The grad backend reproduces the canonical hand-rolled loop exactly: model.states(ParamState) are registered as trainable weights, the loss is evaluated inside model.param_precompute(), and brainstate.transform.grad(..., has_aux=True, return_value=True) feeds optimizer.step. model.reg_loss() is added automatically. The derivative-free backends evaluate one candidate at a time (setting parameters via Param.set_value then running predict) – vmap over parameter writes is unsupported, so candidates are looped, which is why these backends suit a small number of scalar parameters.

Examples

>>> import braintools, brainstate, brainunit as u
>>> import jax.numpy as jnp
>>> import brainmass
>>> from brainstate.nn import Param, SigmoidT
>>> class Toy(brainstate.nn.Module):
...     def __init__(self):
...         super().__init__()
...         self.k = Param(1.0, t=SigmoidT(0.5, 3.0))
...     def update(self):
...         return self.k.value()
>>> def predict(m):
...     sim = brainmass.Simulator(m, dt=0.1 * u.ms)
...     return jnp.mean(sim.run(1.0 * u.ms, monitors=None)['output'])
>>> fitter = brainmass.Fitter(Toy(), braintools.optim.Adam(lr=0.1), predict=predict)
>>> result = fitter.fit(target=jnp.asarray(2.0), n_steps=30)
>>> result.backend
'grad'
>>> list(result.best_params)
['k']
>>> bool(result.best_loss <= result.history[0])
True

__init__(model, optimizer=None, *, loss_fn=None, objective=None, predict=None, backend='grad', callbacks=None, transient=None, search_space=None)

fit(target=None, n_steps=100, *, verbose=False)

Run the optimization and return a FitResult.

Parameters:

• target (Any, optional) – The data the objective compares the prediction against.
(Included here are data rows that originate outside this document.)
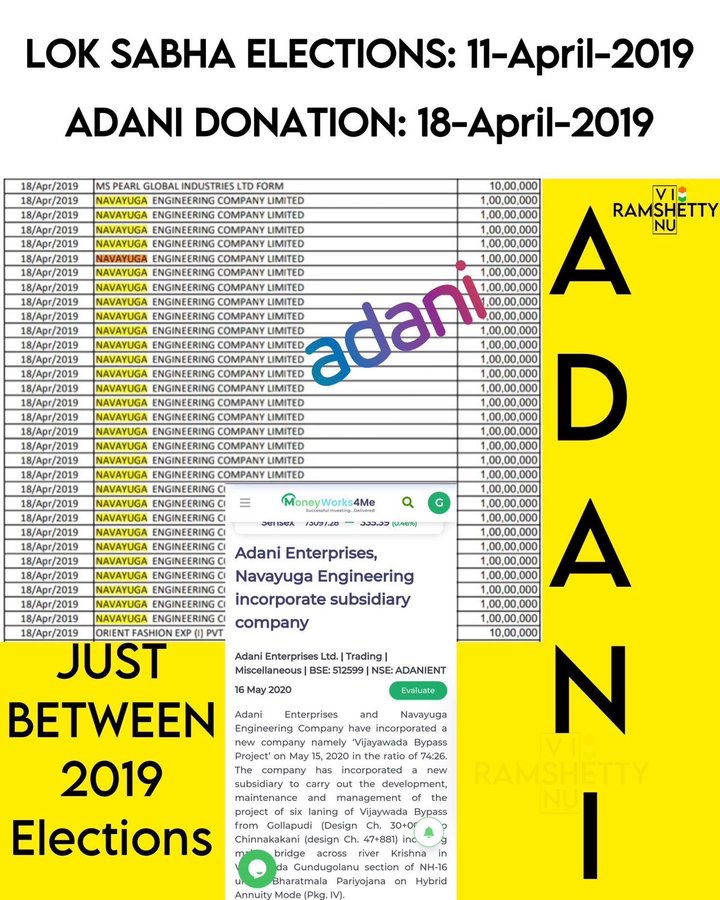 ImJordanGaurav1's tweet image. 🚨🚨🚨ATTENTION 🚨🚨🚨

Answers to those who were asking where is adani in #ElectoralBondScam 

⚡️⚡️Retweet Maximum ⚡️⚡️

#ElectoralBondsCase #ModiKaElectoralBondScam
#चंदा_चोर_मोदी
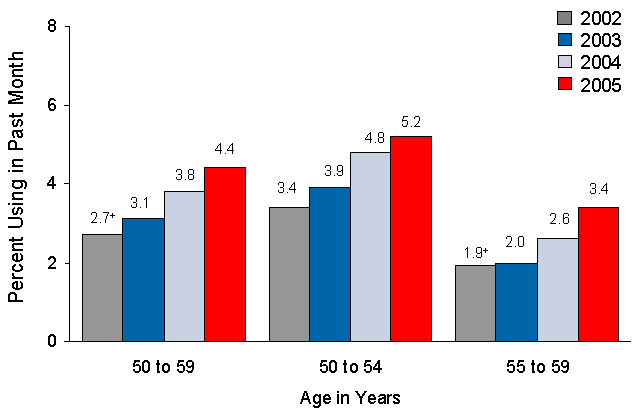 Figure 2.8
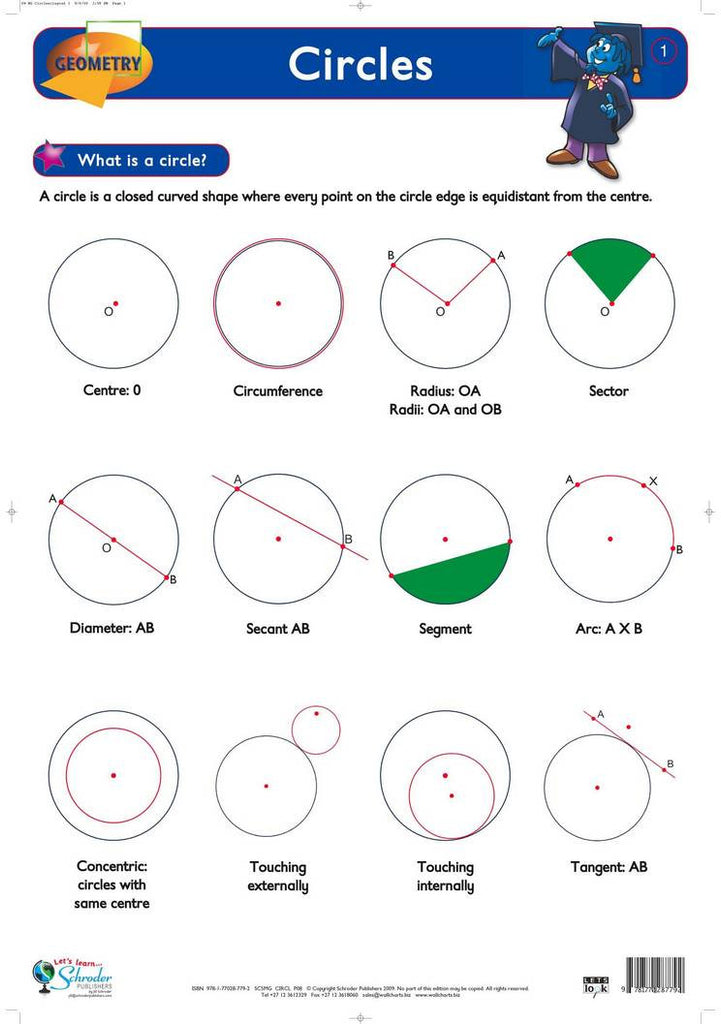 CHART CIRCLES 1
Unused when a loss_fn was supplied (it consumes data itself).

• n_steps (int, default 100) – Optimization iterations: optax steps (grad), generations (nevergrad), or random restarts (scipy). Must be >= 1.

• verbose (bool, default False) – Print per-iteration progress.

Returns:

The best-seen loss, parameters, history, and the fitted model.

Return type:

FitResult

property optimizer

The underlying optimizer (constructed lazily for derivative-free backends).

class brainmass.FitResult(*, backend, best_loss, best_params, history, n_steps, prediction=None, optimizer=None, raw=None, model=None)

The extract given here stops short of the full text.